Jugar en tiempos de pandemia

Así ha afectado la pandemia al tiempo y calidad de juego de los niños

La pandemia ha afectado al tiempo y forma de juego de los niños y hay juguetes que ofrecen más ventajas que otros ante esta situación. Explicamos el motivo.

niña jugando
Foto Istock

El 26 de abril de 2020 los niños españoles salían de nuevo a la calle a jugar tras pasar 42 días confinados en sus casas por la pandemia. Se cumple así el primer aniversario de un tiempo en el que los más pequeños tuvieron que enfrentarse a una situación totalmente desconocida.

Pero eso no fue el final de esta situación excepcional que ha afectado especialmente a los más pequeños de la casa. La nueva realidad llevó a muchos padres a quedarse en casa teletrabajando y ocuparse ellos mismo de los niños (en lugar de acudir a las guarderías), los parques cerrados y las restricciones de reunión ha minimizado las interrelaciones sociales fundamentales para los niños.

Enrique Molina, director de Marketing de Winfun, nos explica cuáles han sido los problemas que han podido sufrir estos niños y cómo algunos juguetes pueden ayudar a solucionarlos.

Principales problemas que la pandemia ha provocado en el tiempo y la calidad de juego de los niños

  • Menos interacciones sociales

La socialización es uno de los principales déficits que hemos sufrido todos, pero especialmente han sido los más pequeños los que más lo han notado. Ya no solo ha sido el confinamiento, también han sufrido una reducción de sus interacciones al haber dejado de acudir a las guarderías en muchos casos, al reducirse las visitas a/de familiares o amigos, no juntarse con tantos niños en los parques…Todas estas circunstancias hacen que los niños reduzcan sus capacidades de socialización y las desnaturalicen. Para ayudar a desarrollar esas habilidades se pueden utilizar juguetes interactivos (como el Conejito Cucú con luz y sonidos), las tablets educativas o los teléfonos de juguete que consiguen fomentar actividades comunicativas y de socialización simulando conversaciones o juegos como harían con amigos y familiares.

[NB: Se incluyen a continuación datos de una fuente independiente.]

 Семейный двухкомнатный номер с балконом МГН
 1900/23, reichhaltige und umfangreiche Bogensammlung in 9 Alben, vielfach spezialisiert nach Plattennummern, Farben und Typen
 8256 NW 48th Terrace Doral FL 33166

  • Reducción del juego compartido

Otro de los problemas ligados a la disminución de las interacciones sociales es la reducción de la capacidad de compartir e interactuar con los demás en entornos de actividad ordenada y/o juegos imprescindible para su desarrollo futuro. Actividades como la lectura compartida con padres y hermanos, la música y juegos deportivos ayudan a fomentar el juego en familia. Juguetes como el libro de actividades como Mis Amigos los Animales, pianos electrónicos con micrófono o centros de deportes 4 en 1 son una solución óptima para fomentar este tipo de juego.

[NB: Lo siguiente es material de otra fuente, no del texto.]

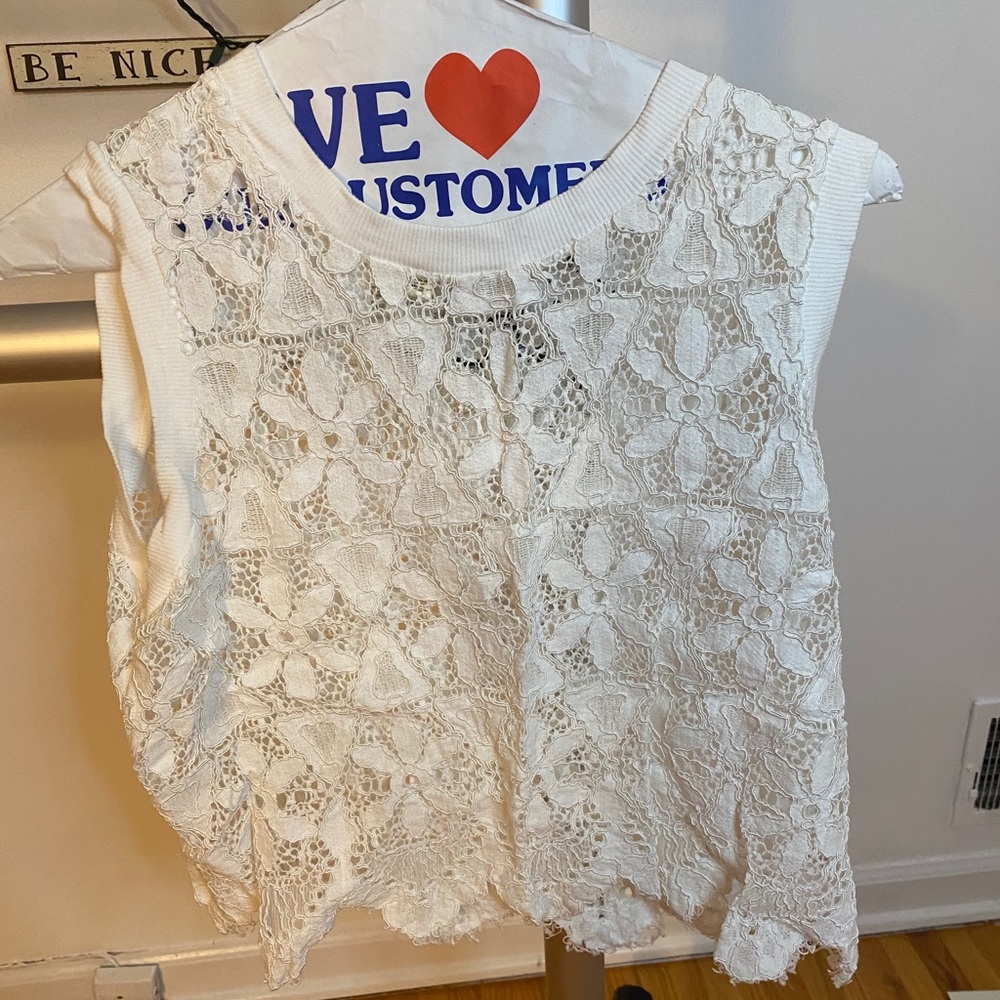 Deletta lace tank top
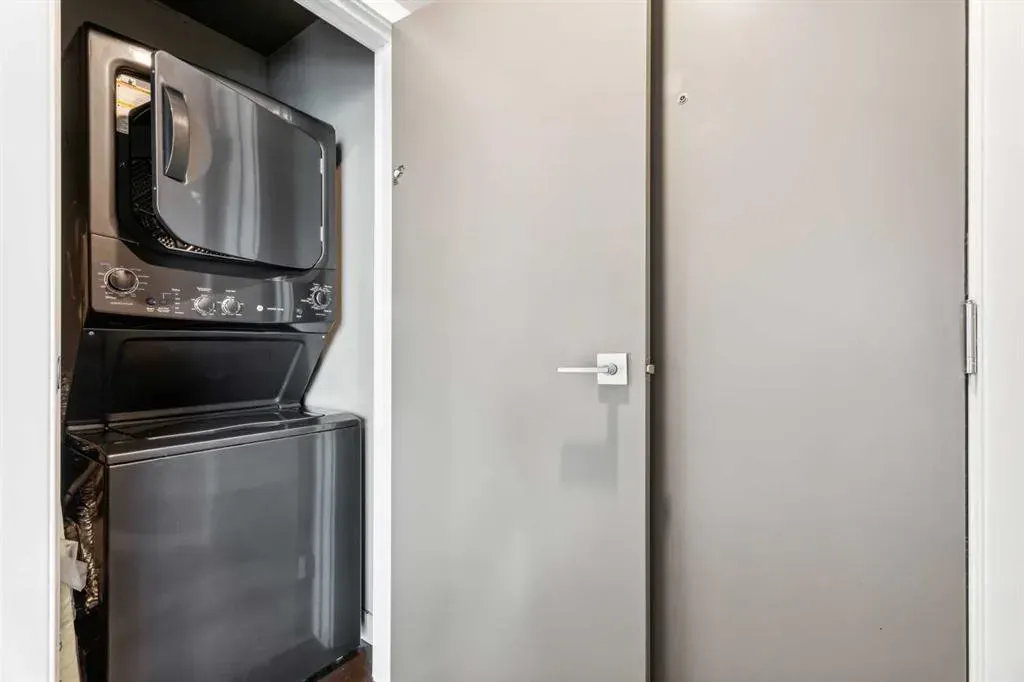 220 12 Avenue SE, #501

  • Déficit en el aprendizaje

Durante el confinamiento muy notablemente, pero también en las siguientes fases de la pandemia, los pequeños han visto reducidas las horas lectivas (cuando no se han quedado directamente en casa). En etapas tempranas del desarrollo, cuando la educación de bebés y niños gira en torno al aprendizaje básico de colores, formas, números, letras, canciones o rutinas es muy importante aprovechar la plasticidad del cerebro de los niños. Para ayudar a su crecimiento intelectual los juguetes con mayor enfoque educativo son indispensables para fomentar habilidades como la curiosidad, el pensamiento y la creatividad además de permitirles aprender o reforzar conceptos básicos para su aprendizaje.

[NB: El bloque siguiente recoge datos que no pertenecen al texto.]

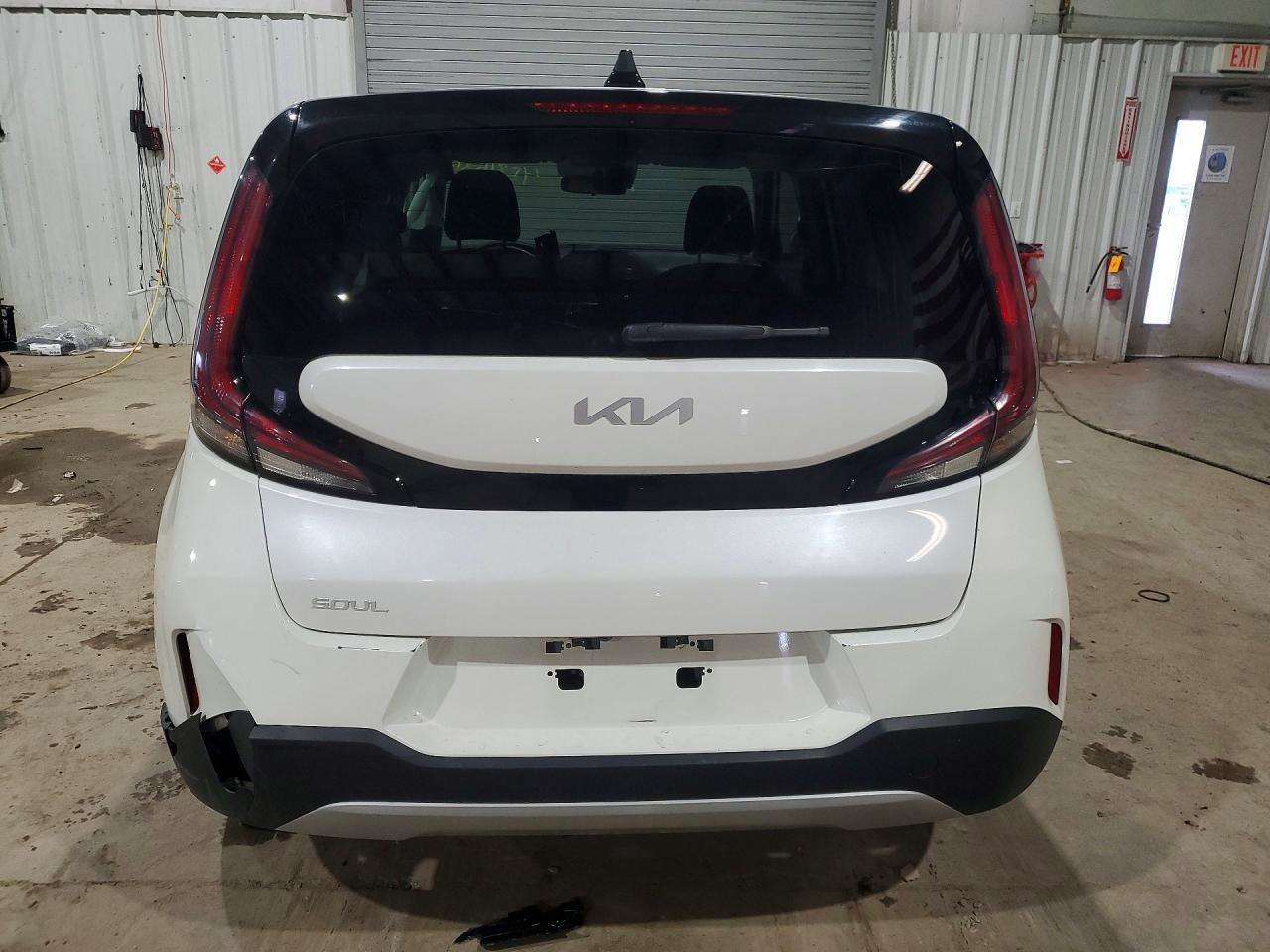 2023 Kia Soul Lx - zdjęcie 6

  • Menos contacto con la naturaleza

A pesar de que mucha gente, tras el confinamiento, decidió pasar más tiempo en la naturaleza, siguen siendo muchos los niños que no pueden disfrutarla. Aunque no hay nada comparable con salir a jugar al campo, juguetes como tiendas de campaña, el carrusel Árbol con luz y sonidos o el centro de actividades Pequeño Jardín emulan entornos relacionados con la naturaleza y les permite recordar momentos de juego y diversión al aire libre.

  • Menos juego al aire libre: parques y centros lúdicos cerrados

Tanto durante el tiempo en el que los niños (como todos) no podían salir de casa, como después con muchos momentos en los que los parques estaban cerrados han provocado en muchos pequeños un retraso de sus habilidades de psicomotricidad gruesa. El juego al aire libre permite estimular esta movilidad, pero ante la imposibilidad de disfrutar de espacios de juego los andadores, correpasillos y juguetes que impliquen el movimiento físico del niño son de gran ayuda para mantener el desarrollo físico aún cuando el entorno es más reducido.